» Task statement
Repeat the listing exactly. Do not carry over any pictures.
Given data below:
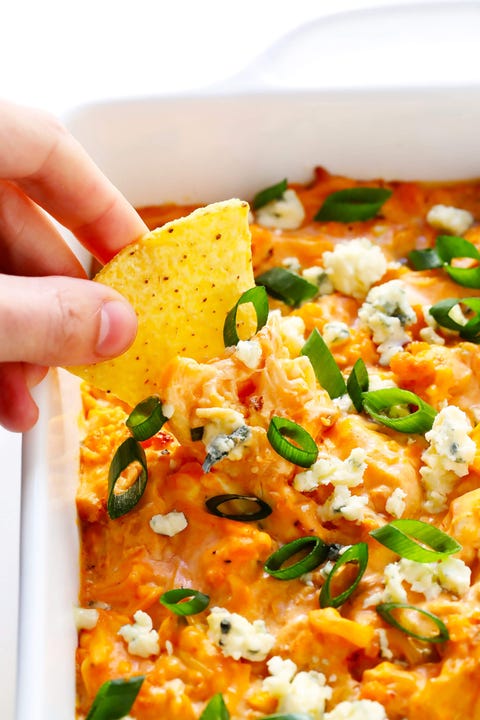 slow cooker dips buffalo cauliflower dip with hand and chip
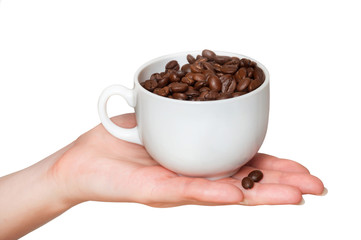 Grains of coffee in a white cup. Female hand holds a cup with coffee beans on a white background. Sweet dessert.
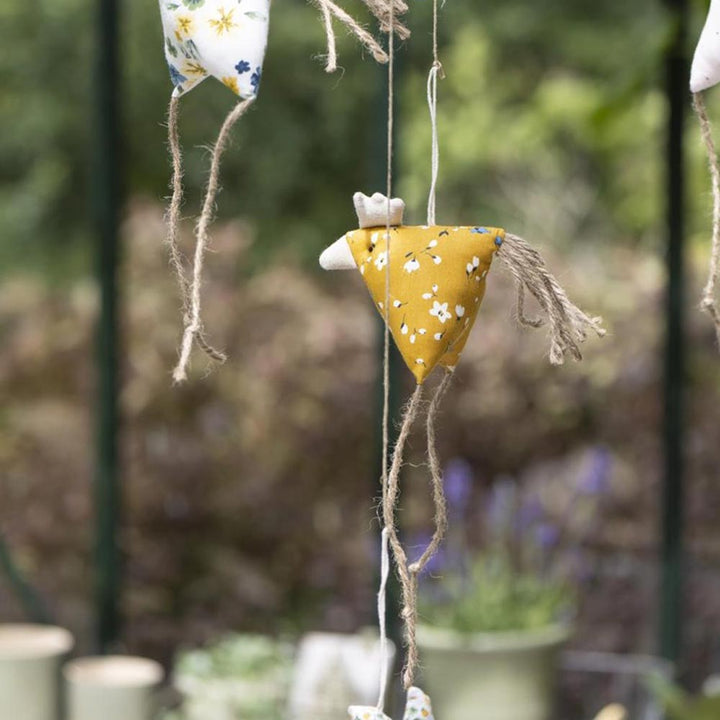 Ib Laursen - Huhn gelb mit Blumen weiß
End of Given data.
» Solution to this exercise
 slow cooker dips buffalo cauliflower dip with hand and chip
 Grains of coffee in a white cup. Female hand holds a cup with coffee beans on a white background. Sweet dessert.
 Ib Laursen - Huhn gelb mit Blumen weiß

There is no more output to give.